Indeed, “we can now celebrate the annual festival with the rich blessings of the new grain once again, just as we had celebrated in the years before.”

In another Eucharistic celebration on 14 May, before the rice harvest festival, parishioners showed up at the Cathedral of the Sacred Heart, Diocese of Sibu, in their traditional costumes and indigenous headgear.

Fr Raphael Samosir celebrated the Mass in Iban, the local language. During the entrance procession, a group of indigenous women, walking ahead of the celebrant, danced the ngajat, a slow traditional Iban dance, while a gong-and-drum ensemble called taboh accompanied them.

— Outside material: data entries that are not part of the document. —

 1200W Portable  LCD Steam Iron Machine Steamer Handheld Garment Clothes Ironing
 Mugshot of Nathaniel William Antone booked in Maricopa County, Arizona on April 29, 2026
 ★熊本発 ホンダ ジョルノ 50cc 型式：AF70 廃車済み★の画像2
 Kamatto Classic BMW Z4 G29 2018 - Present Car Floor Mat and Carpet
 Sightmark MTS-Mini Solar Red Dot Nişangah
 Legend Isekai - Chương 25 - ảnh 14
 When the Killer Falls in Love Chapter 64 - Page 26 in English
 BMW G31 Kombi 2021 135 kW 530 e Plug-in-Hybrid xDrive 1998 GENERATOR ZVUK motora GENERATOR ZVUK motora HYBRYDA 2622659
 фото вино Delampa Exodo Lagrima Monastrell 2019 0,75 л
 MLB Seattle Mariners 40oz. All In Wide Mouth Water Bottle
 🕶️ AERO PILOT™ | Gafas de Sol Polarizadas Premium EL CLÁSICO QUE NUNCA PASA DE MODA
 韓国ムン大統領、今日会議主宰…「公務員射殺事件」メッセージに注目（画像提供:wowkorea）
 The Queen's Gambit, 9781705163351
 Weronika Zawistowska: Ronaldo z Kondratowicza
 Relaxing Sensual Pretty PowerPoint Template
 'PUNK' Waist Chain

Before the end of the service, Fr Samosir blessed the bottles of Ai Pengayu brought by parishioners, containing tuak, the traditional bitter-tasting rice wine that serves as a ceremonial drink, usually consumed during harvest festival and other important indigenous events.

“The celebration of Gawai highlights the ‘coming together' where Dayaks try to get home for the auspicious day from near and far,” said a parishioner, Trinny Nakai, speaking to AsiaNews.

“Whether one works on a farm, or in town, apart from the festivities, Gawai is a family occasion,” said Stanly Michael, another parishioner.

“Even in modern times like the present, the Gawai harvest festival reminds us that we have a lot of reasons to be grateful to our farmers,” he added. In fact, a “farmer’s success” is the “success for the entire nation” and that is another reason to celebrate.